Theory • beyondpareto

Consider a regularly varying cumulative distribution function $F$ , so for sufficiently large $y$ and $\gamma >0$

$F(y)=1- l(y) \times y^{-1/ \gamma}$

where $l$ denotes a slowly varying nuisance function that is constant asymptotically ( $l(ty)/l(y)=1$ as $y \to \infty$ ). $\gamma>0$ is called the extreme value index, and the Pareto or tail index ( $\alpha \equiv 1/\gamma$ ) is its reciprocal.

The objective is to estimate the parameter $\gamma$ .

The rank-size regression and the Pareto QQ-plot

The rank-size regression estimator of the extreme value index measures the ultimate slope of the Pareto QQ-plot.
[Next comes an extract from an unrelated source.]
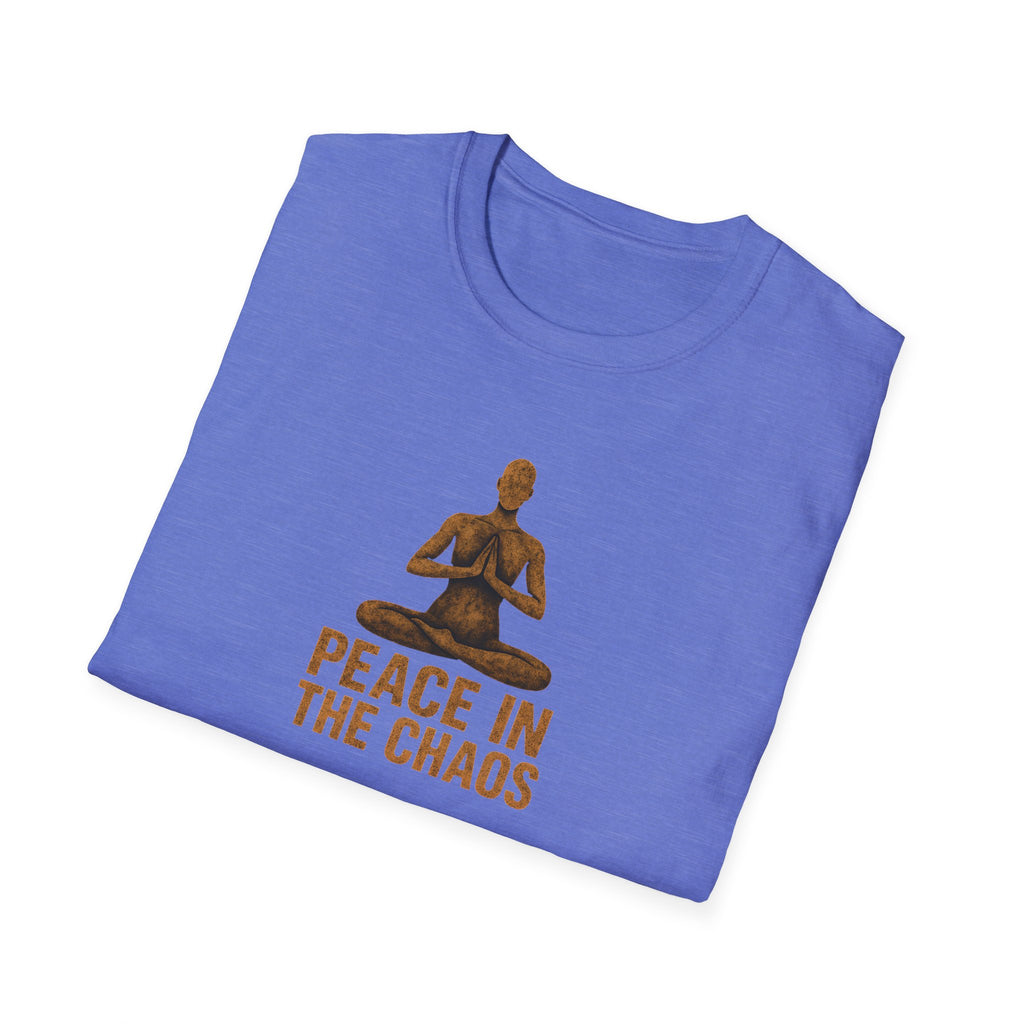 Peace in Chaos T-Shirt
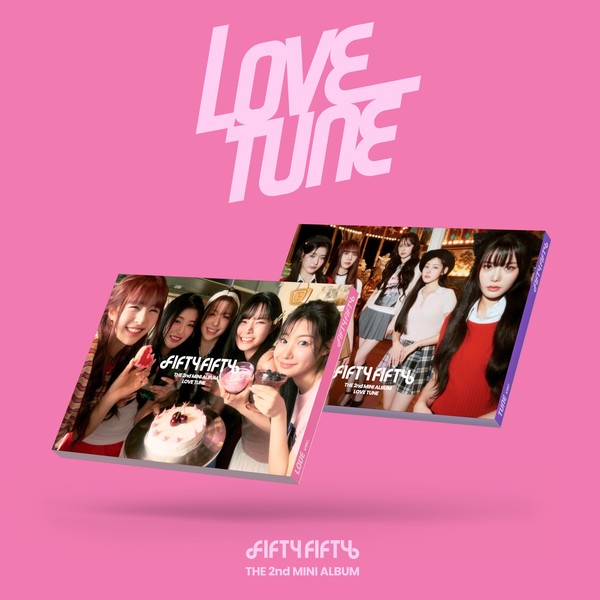 Love Tune (Love Version)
This follows since the tail quantile function for above model is

$U(y)=\inf \{t: \Pr(Y>t)=1/y\}=y^\gamma \times \tilde{l}(y)$ where $\tilde{l}(y)$ is another slowly varying function, which then implies $\log U(y) \sim \gamma \log (y)$ as $y \to \infty$ . Replacing these population quantities with their empirical counterparts gives the Pareto QQ-plot, and $\gamma$ is its ultimate slope.

If the tail of the distribution were strictly Pareto, then the Pareto QQ-plot would be linear and a linear regression would estimate its slope coefficient. In the above model , it will become linear only eventually, and a slow decay of the nuisance functions $l(y)$ and $\tilde{l}(y)$ will then induce asymptotic distortions in the estimator of the slope coefficient. Below, such slow convergence will be considered in the form of second-order regular variation.

Let $Y_{1,n} \leq \cdots \leq Y_{n,n}$ denote the order statistics of the given sample $Y_1,\cdots, Y_n$ of, for example, wealth or income, and consider the $k$ upper order statistics. The Pareto QQ-plot quantile plot has coordinates $(- \log(j/(n+1)),\log Y_{n-j+1,n}) _{j=1,\cdots,k}$

where the relative rank is given by $- \log(j/(n+1))$ and $j=1$ for the highest upper-order statistic.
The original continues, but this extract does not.